Dass Zürchers „Mobbing Dick“ es 2019 letztlich von der Longlist des Deutschen Buchpreises gar nicht erst auf die Shortlist geschafft hat, lässt mich immer noch ein wenig grummeln, zählte jener Roman doch definitiv zu meinen damaligen Favoriten; freudig nahm ich zur Kenntnis, dass mit „Liebe Rock“ nun endlich ein weiterer Zürcher-Roman erschien: Ob dieser mich ähnlich begeistern können würde wie sein „Mobbing Dick“?
Definitiv!
„Mobbing Dick“ wirkte im Vergleich noch deutlich avantgardistischer, der Protagonist zwiespältiger – diese Aspekte kamen nun auch in „Liebe Rock“ zum Tragen, aber dieser Roman war nun auch direkter, weniger verklausuliert, „alltäglicher“… simpel gesagt: einfacher zu lesen und leichter verständlich. „Mobbing Dick“ war in meinen Augen eher sehr gen Literarischem geprägt, während ich „Liebe Rock“ nun eher als popkulturellen Gegenwartsroman bezeichnen würde.

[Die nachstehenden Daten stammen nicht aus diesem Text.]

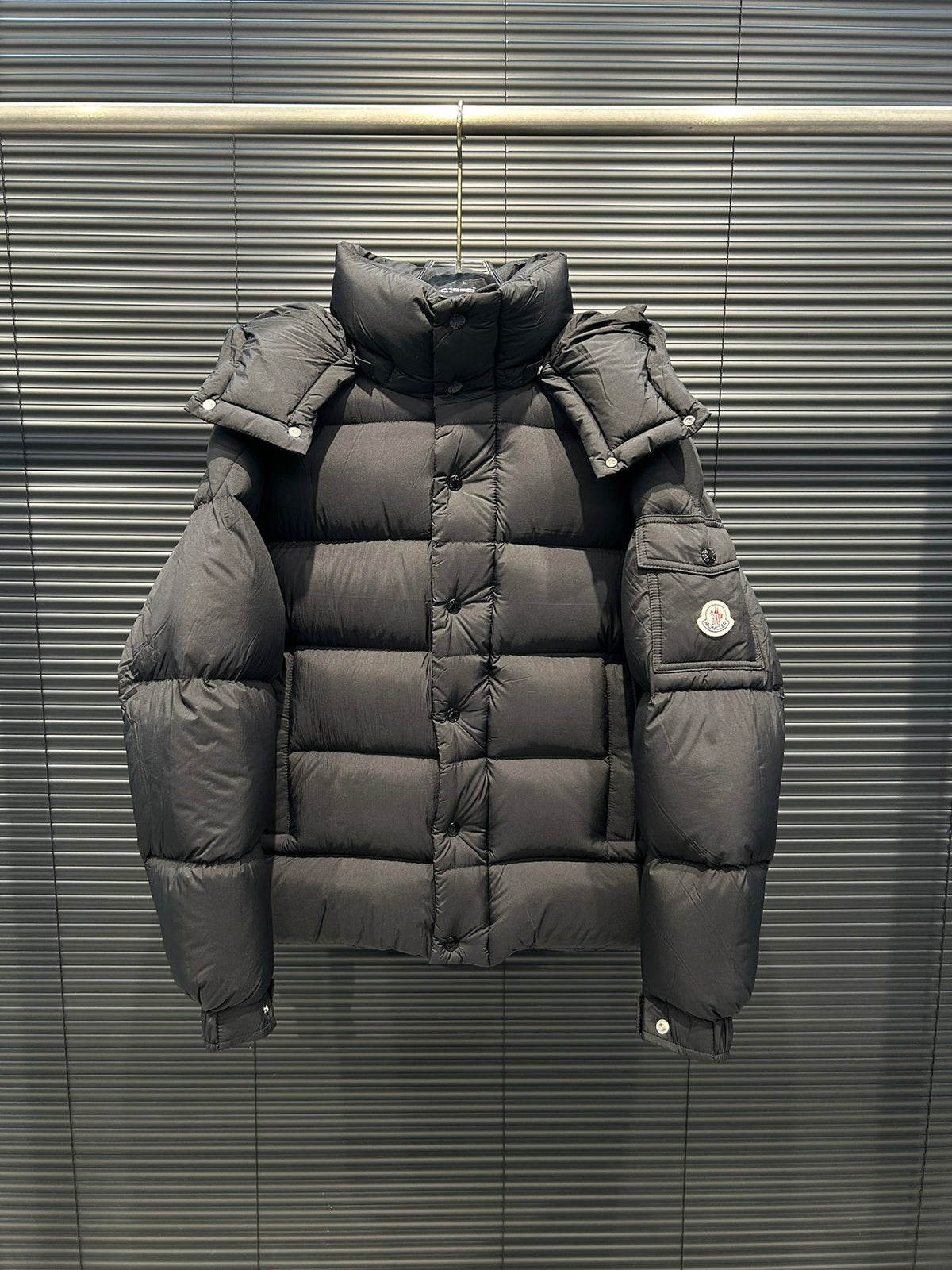 Moncler Gold Badge Detachable-Sleeve Down Coat (Unisex)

Im Grunde genommen ist „Liebe Rock“ ein rasant erzählter Abschiedsbrief eines sich selbst überschätzenden Schulabbrechers und der formal dessen „Erfolgsroman“ entspricht, wobei jenes Buch im Grunde genommen von vornherein zum Scheitern verurteilt ist: es ist offensichtlich, dass der „Verlag“ ein Druckkostenzuschussverlag ist und der Verleger ein ziemliches Windei; so merkt man der Situation, als Timm tatsächlich letztlich doch sehr unerwartet Erfolg hat, doch auch die immense Fragilität an: Zum Einen stammen große Teile des Romans eben nicht aus Timms Feder und zum Anderen weiß man, dass er keinesfalls nachliefern können wird, was es noch tragischer wirken lässt, wie empört er darauf reagiert, nicht direkt auf Platz 1 der Bestsellerliste einzusteigen, um sich dauerhaft dort zu halten. Ihm erscheint es offensichtlich frevelhaft, dass andere (längst etablierte und weltberühmte) Autoren erfolgreicher sind als er – der seinen eigenen Roman mit heißer Nadel gestrickt hat und den er selbst nicht wirklich kapiert, da er mehr Bastel- als Schreibarbeit war. Dennoch ist er ebenso entrüstet darüber, dass ein erster Kritiker bemängelt, dass sein Debüt völlig unverständlich ist, wie es ihn aufbringt, dass seine Mitbewohner längst eine Art, wenn auch ziemlich loser, Beziehung führen, obschon er in Rock verliebt ist. Dabei lässt „Liebe Rock“ relativ offen, ob er wirklich in Rock verliebt ist - zumindest wirkte seine Schwärmerei häufig wie eine Trotzreaktion auf Marcs Verhältnis zu Rock.
Generell ist Timm sehr in sich zurückgezogen; hier gibt es eigentlich gar kein weiteres Umfeld um ihn herum; er ist häufig in Selbstgesprächen bzw. „Unterhaltungen“ mit Hund und Katze gefangen, die ihn oftmals beruhigen und ihm noch häufiger Recht geben, auch in den Therapiestunden, zu denen er seinen Bruder begleitet, geht es letztlich vor Allem ums Timms innere Zerrissenheit – nicht zuletzt, da ich „Mobbing Dick“ kannte, schwante mir da ab ca. Seite 130 nun ein ganz bestimmter Plot Twist. Ich bin mir sehr sicher, dass ich „Liebe Rock“ nun wohl auch ganz anders, deutlich oberflächlicher, gelesen haben würde, hätte ich Zürchers letzten Roman noch nicht gekannt. Genossen hätte ich ihn trotzdem, aber wer „Liebe Rock“ nun als seinen ersten Zürcher liest, dem mag ich doch ans Herz legen, anschließend noch „Mobbing Dick“ zu lesen, denn auch wenn dies zwei völlig voneinander unabhängige Werke sind, ergibt sich daraus sicherlich noch ein etwas anderer Ausblick auf die „Liebe Rock“-Erzählung.
Insgesamt ist „Liebe Rock“ übrigens ein zeitgenössischer Roman, wie wir ihn auch in der 12. Klasse im Deutsch-LK hätten besprechen können – und den mein damaliger Kurs als Thema zweifelsohne geliebt haben würde. Ich erkenne hier durchaus Schullektüren-Klassikerpotential, ähnlich wie bei „Tschick“, „Die verlorene Ehre der Katharina Blum“ oder auch „Aus dem Leben eines Taugenichts“, denn ganz subtil klingt „Liebe Rock“ nun in einigen Szenen manchmal doch wie eine moderne Adaption von Letzterem an.